Definition: Communities are networks of social media users which connect like-minded individuals around common interests. These communities are formed by users' interaction histories, whom they follow, what they like and other online behavior.
Social media communities are effectively a new form of word-of-mouth marketing. Communities bring people together around interests, providing businesses with a promotional opportunity to find relevant groups and get their brand or products talked about.
Successfully communicating your brand message to a community is one of the fastest ways to generate new customers and broaden engagement.
For example, imagine that a video game retailer has a new title its customers are able to pre-order earlier than other stores. While such an announcement might not make waves if it's spread to all social media users, it can have a big impact among specific communities of video game enthusiasts or fans of that particular game series. Members of these communities will want to let their fellow members know that it's making this title available for pre-order, and by simply notifying the right group, their members will effectively market your products and generate pre-release buzz.

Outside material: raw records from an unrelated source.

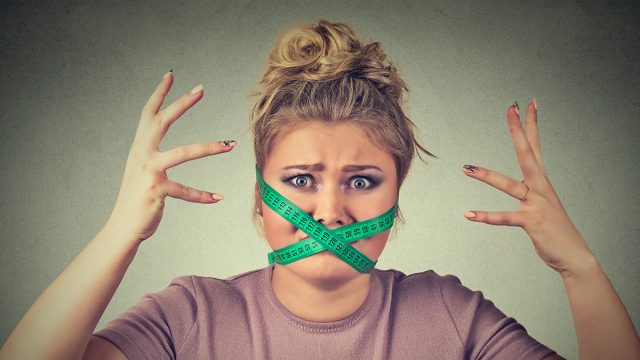 New diet restriction and stress concept. Portrait of young frustrated woman with a green measuring tape around her mouth isolated gray background. Human face expression emotion. Healthy lifestyle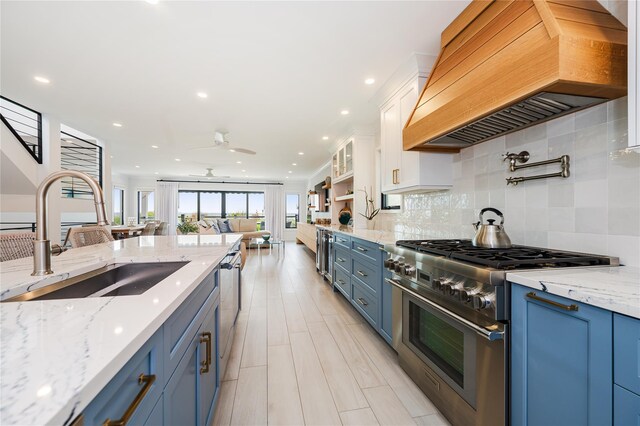 923 Oceanfront, Long Beach, NY 11561 - kitchen with high end stainless steel range oven, custom range hood, blue cabinets, a sink, and white cabinets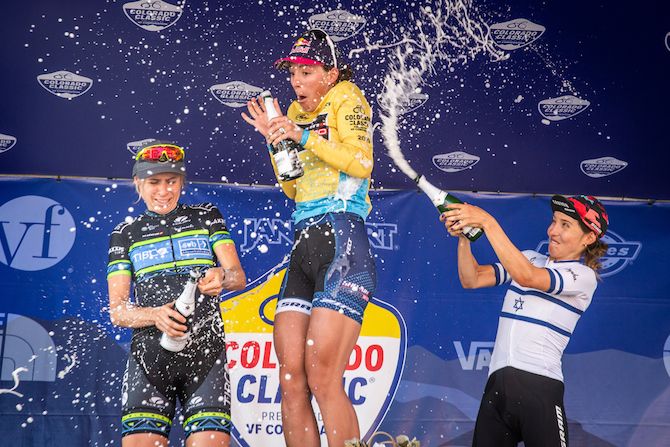 Chloe Dygert-Owen (Sho-Air Twenty2020) gets a soaking from second-placed Brodie Chapman (Tibco-SVB) and Omer Shapira (Canyon-SRAM) on the final podium of the 2019 Colorado Classic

Before you ever create a strategy for marketing to communities, you need to set some goals. What are you hoping to get out of your social media usage? Do you want to build engagement with existing customers or create new ones? Alternatively, are you looking to kickstart a new marketing campaign or brand? This will help determine your strategy going forward.
Find the right communities. Ideally, they will be ones that are interested in your particular industry. If you're a book retailer, for instance, you might want to target communities that are talking about a particular book or fans of a particular author. Twitter can be particularly useful for this because you can look up hashtags and quickly identify these communities.
Identify which type of community suits your marketing efforts. The Pew Research Center identified six different kinds, such as tight crowds, which are comprised of interconnected people with few outsiders, or community clusters, or many smaller groups that have their own conversations, audience and information sources. There is a variety of free software available that you can use to map out these networks and identify key users.